- WHAT THE TASK ASKS:
Please reproduce the line containing "Poly-Rattan 3435484 vidaXL" and every line after it in the records below, exactly and with nothing else.

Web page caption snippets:
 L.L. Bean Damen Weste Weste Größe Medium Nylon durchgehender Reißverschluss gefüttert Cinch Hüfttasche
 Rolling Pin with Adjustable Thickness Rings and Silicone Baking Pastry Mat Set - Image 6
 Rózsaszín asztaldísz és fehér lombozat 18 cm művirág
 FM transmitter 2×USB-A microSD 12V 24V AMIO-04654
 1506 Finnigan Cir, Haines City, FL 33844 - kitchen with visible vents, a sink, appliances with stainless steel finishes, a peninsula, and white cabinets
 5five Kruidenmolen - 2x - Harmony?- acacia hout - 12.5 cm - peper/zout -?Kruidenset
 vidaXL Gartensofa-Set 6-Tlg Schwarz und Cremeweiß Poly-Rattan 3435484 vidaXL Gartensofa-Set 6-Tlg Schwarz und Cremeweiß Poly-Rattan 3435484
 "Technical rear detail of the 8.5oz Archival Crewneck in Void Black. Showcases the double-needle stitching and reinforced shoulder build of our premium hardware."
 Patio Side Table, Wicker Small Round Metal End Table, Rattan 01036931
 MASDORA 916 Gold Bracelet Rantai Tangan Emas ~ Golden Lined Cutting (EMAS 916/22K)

- REPLY:
 vidaXL Gartensofa-Set 6-Tlg Schwarz und Cremeweiß Poly-Rattan 3435484 vidaXL Gartensofa-Set 6-Tlg Schwarz und Cremeweiß Poly-Rattan 3435484
 "Technical rear detail of the 8.5oz Archival Crewneck in Void Black. Showcases the double-needle stitching and reinforced shoulder build of our premium hardware."
 Patio Side Table, Wicker Small Round Metal End Table, Rattan 01036931
 MASDORA 916 Gold Bracelet Rantai Tangan Emas ~ Golden Lined Cutting (EMAS 916/22K)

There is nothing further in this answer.